I come from a family of doctors, nurses and teachers who have spent their lives working exclusively in either the truly incredible and freely available British National Health Service or the state sponsored comprehensive school system, which provides a free education to anyone and everyone in the UK. All of these roles are incredibly noble and I remain very proud of the careers my family have chosen.
So it is safe to say that when I elected to go down the path to becoming a lawyer, there were a few furrowed brows. When I then mentioned I wanted to start by assisting major corporations with their legal affairs before moving onto the investment funds industry, frowns began to form. And when I finally announced that I was going to take this vocation into the offshore environment, the tears began to flow accordingly. The sheep in wolf’s clothing had arrived.

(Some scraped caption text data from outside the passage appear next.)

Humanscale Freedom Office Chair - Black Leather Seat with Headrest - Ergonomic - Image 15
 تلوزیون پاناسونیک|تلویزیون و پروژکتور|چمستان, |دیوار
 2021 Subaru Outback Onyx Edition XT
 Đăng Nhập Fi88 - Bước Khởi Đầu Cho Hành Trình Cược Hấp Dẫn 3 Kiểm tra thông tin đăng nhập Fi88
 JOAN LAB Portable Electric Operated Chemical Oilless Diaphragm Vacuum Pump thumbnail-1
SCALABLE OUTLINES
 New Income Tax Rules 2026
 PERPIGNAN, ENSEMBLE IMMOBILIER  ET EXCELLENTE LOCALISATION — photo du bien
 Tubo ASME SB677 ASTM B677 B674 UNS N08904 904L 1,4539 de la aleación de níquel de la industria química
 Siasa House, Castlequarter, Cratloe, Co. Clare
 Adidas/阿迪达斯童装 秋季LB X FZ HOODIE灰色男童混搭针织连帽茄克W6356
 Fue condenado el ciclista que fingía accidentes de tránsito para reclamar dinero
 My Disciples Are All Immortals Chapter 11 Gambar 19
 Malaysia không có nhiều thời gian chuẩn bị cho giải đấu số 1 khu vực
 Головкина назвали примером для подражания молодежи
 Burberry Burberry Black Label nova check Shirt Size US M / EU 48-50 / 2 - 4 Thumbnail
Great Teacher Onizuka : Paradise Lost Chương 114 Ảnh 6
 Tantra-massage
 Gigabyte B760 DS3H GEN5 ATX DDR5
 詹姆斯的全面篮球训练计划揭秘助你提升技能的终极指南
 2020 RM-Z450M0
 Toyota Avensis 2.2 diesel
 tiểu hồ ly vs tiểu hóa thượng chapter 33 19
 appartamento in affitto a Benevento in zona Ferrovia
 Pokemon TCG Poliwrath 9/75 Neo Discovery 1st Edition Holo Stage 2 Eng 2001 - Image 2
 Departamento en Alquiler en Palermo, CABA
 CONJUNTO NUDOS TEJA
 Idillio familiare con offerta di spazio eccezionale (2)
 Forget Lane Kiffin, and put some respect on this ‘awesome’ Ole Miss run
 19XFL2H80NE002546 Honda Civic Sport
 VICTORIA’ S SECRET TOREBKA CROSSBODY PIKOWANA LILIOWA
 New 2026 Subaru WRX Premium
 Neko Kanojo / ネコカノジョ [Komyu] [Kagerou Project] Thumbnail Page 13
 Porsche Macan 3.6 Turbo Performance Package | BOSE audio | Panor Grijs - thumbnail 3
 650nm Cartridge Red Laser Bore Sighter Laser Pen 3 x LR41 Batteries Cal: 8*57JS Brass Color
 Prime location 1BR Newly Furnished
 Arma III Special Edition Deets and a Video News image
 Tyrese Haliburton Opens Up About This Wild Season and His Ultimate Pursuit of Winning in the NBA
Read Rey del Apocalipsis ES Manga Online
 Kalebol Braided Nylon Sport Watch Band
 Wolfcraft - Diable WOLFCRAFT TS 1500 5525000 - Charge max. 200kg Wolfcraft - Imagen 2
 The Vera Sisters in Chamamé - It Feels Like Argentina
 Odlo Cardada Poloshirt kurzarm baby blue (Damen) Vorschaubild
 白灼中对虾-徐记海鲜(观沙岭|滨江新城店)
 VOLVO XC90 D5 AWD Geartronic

Now, the funds industry will always have its detractors and whilst some of the criticism is entirely fair, hedge and private equity funds play a vital role in the global economy, especially by providing liquidity in times of undoubted financial hardship. When you throw in the incredible role venture capitalists have with sponsoring the latest and greatest start-up and emerging businesses, I can hold my head up high at most dinner tables and talk proudly about the role we play. Amusingly, the huge popularity of the show “Billions” has helped enormously on this front as well, as the wider world now seems absolutely fascinated about how this industry works. Whilst of course I’d like to think they ask me about it because they see echoes of Bobby, Wags or Taylor in my personality, we all know that they see me as his weasel-like lawyer, Orrin Bach, but I’ll still take that. It’s better than Lionel Hutz from the Simpsons.
But the offshore part of my life has always been something a number of people have struggled with and whilst I have constantly defended and explained everything I do, the prejudice that international finance centres face from such a wide variety of sources means that it is virtually impossible to fight the unfair and almost always entirely inaccurate rhetoric. The fact that most people have also watched or read “The Firm” also doesn’t help; damn you Grisham, Cruise and Hackman.
But finally the place I have called home for almost ten years now is fighting back. Fresh on the back of bringing in McKinsey in 2014 to facilitate a study on our financial services industry, the government through its marketing arm, BVI Finance, commissioned the group Capital Economics in 2016 to truly delve deep into the role that the BVI plays in the global financial industry and allow a highly credible third party to finally tell our story for us. And finally it is here. I am not expecting many to read the full report that has just been published (it is over 130 pages long and includes so many facts and figures that it begins to melt the brain a little, notwithstanding the very pretty pie charts), but BVI Finance has also pulled together a fantastic website that neatly sets out the key messages and summarises what all of us on this rock knew already, but finally the outside world might begin to understand.
Even better than that, the younger generation can also sit down and watch this fantastic three minute video (whilst tweeting, snap-chatting or instagramming of course) in which pictures and words seem to come together in a moving form. Modern technology today, eh?
If you do get a chance, please do give it a watch and we’d love to hear your thoughts on the messages that come out of it. We genuinely believe this might be the start of a far fairer and more balanced dialogue about the role international financial centres, such as the BVI and the Cayman Islands, play in the global market.
As a side note to the overall impact of the report, it was also great to see Capital Economics estimate that collectively funds domiciled in the British Virgin Islands have approximately US$250billion under management. We of course remain extremely proud to assist a large number of those managers on a very regular basis.
So, finally this sheep is getting invited along to family gatherings again; they may even start talking to me soon. Baaaaaaaa.